I would venture to guess one of the hottest topics of any CIO staff meeting today is analytics. The hope of answering the “what if” questions by using the valuable data IT has been managing all these years and turn it into actionable information to help propel the business. While this may seem like a new topic, analysis of data has been around for years, as I am sure many of you already know. Even when I was a young Unix admin, for example, I had written several scripts to mine data from a variety of flat file data sources. This would then create a new text file with the newly captured data in a format that could then be fed back into another script which would ultimately massage it into one of the freely available graphic tools to represent the findings in a meaningful and compelling manner. This is what some would call “old school” analytics; some would call it the beginnings of business intelligence. Whatever you called it, it was mining the data and logs to convert it to information for the business. While that script worked for a small number of source files, and was very rudimentary, it would never work in today’s environment of multiple terabytes and petabytes of data. However, the need still exists to extract information from our data today, probably more than ever. Therefore tools have been created to help achieve these results at massive scale. Tools such as Hadoop, Spark, Hive, Tableau, noSQL databases, etc. all provide a method and approach for peering into the data to extract information. Just about every CIO I speak to is either exploring or deploying an analytics farm in the datacenter. The problem is, as one of my peers so aptly put, “what questions do I ask of my data?”
Every CIO I speak to is either exploring or deploying an analytics farm in the data center
Today’s digital world has changed so exponentially from my young Unix admin days in the 80s, that is can actually be quite daunting to consider where to begin. Today we are keeping more data than ever, a huge selection of new data sources, and the ever-present desire to gain new insights to drive our business. In the big data world this is referred to as Volume, Variety, and Velocity.

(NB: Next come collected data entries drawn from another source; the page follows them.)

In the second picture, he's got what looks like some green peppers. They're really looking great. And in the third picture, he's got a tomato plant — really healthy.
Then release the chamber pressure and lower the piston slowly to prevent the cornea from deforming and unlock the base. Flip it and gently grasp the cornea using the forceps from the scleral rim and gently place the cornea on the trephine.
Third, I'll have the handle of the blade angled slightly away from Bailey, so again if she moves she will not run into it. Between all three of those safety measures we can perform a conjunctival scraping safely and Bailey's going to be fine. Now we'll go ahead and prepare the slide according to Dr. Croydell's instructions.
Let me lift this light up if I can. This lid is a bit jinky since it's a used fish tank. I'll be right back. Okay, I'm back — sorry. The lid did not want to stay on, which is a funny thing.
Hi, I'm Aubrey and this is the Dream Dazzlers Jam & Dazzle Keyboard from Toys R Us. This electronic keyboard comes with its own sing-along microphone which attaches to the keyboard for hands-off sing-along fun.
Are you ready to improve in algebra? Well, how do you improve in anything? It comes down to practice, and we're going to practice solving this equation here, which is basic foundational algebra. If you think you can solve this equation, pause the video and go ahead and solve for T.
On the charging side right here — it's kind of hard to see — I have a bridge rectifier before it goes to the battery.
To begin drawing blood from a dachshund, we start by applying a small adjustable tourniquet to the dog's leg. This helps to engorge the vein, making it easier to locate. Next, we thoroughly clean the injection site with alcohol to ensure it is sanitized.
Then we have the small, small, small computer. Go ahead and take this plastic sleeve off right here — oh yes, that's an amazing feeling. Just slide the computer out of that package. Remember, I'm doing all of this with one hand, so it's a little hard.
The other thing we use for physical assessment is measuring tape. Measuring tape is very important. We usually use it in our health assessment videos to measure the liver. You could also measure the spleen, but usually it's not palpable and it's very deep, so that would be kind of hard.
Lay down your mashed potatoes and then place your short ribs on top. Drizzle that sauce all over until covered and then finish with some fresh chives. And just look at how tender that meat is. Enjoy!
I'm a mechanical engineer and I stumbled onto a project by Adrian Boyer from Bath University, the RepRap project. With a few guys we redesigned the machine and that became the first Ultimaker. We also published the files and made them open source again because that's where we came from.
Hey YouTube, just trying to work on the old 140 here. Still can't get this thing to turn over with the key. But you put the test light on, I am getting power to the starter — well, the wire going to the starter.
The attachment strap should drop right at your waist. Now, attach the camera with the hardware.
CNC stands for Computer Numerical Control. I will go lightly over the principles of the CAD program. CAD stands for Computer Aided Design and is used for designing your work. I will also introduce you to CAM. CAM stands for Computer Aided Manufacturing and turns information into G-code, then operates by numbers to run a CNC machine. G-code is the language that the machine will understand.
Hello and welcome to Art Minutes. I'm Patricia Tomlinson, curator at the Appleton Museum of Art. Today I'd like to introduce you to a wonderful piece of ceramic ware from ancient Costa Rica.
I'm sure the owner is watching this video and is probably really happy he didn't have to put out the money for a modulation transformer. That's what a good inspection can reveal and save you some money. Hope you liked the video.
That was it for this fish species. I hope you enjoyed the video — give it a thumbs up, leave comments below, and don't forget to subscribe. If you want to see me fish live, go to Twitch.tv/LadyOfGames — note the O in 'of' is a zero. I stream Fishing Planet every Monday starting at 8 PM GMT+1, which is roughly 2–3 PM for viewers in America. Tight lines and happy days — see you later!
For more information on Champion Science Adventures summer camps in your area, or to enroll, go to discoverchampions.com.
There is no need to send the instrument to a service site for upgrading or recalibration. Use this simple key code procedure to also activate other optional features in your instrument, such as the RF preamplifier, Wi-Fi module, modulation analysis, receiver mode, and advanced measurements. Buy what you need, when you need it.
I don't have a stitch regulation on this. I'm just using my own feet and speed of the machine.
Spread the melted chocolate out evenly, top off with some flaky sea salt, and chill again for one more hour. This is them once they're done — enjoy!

Actually one of the key drivers of the analytics phenomenon is the fact that we are creating and keeping more data today than ever before. Just a few years ago, IBM research published a rather startling fact; it states we as a society are creating 2.5 quintillion bytesor 2.5 exabytes of data every day. The EMC Digital Universe study with research and analysis by IDC, projects a doubling of our digital universe every two years to a whopping 44 zettabytes or 44 trillion gigabytes by 2020–containing as many digital bits as there are stars in the universe. This may sound completely overwhelming, but this is where the opportunity exists for organizations to uncover new business insights. The data we create, the data we keep, the data we manage, becomes the informational basis to answer all of the “what if” questions. It also tells us what data we are not capturing and need to capture to be more successful and more competitive in the market today. Answering the “what if” moves an organization from the business intelligence models that tell us
• How we performed last quarter?
• How many units we sold?
• Identifying situational problems
To transforming an organization into the data science of analysis, looking at predictive opportunities, business modeling and scenario analysis.
Beyond the basics
This is the beauty of where our industry is headed, and there are storage platforms specifically designed to help propel the answer to the “what if”, be it a PCI NVMe rack-scale flash storage, or a data lake storage solutions purpose built to support multiple protocols allowing for in place analytics. I know there is a lot of discussion and “hype” about just using a free distro of Hadoop with a cluster of “pizza boxes” containing both storage and compute. While this may sound appealing, because of its low cost, repurposing of old or aging equipment and free–one really needs to consider if this is a “go forward” infrastructure to bet the business on. I certainly believe using a small startup cluster of “pizza boxes” is quite all right, at a very small scale but where I believe this breaks down is when it begins to grow out of control and into the 200, 300, 500, 1000TB range. The manageability becomes a problem; the “low-cost” and “free” doesn’t exist anymore, OPEX may spike just keeping the racks of “pizza boxes” and then there is the question of scale. In this scenario storage and compute scale together, there is not opportunity to scale compute separate from storage. The reality is you may not be getting the valuable, actionable information you desired from the outset.
My challenge to you, as CIOs of your organizations, is to not approach this with a “budget” in mind, or by making low level technology decisions but approach this with a desired business outcome in mind, and clearly identify the goals you intend to achieve with this new “platform”. IT is changing, we need to pivot, and begin to look at our roles as supporting actors in the big picture of the business and not “just the IT guy”.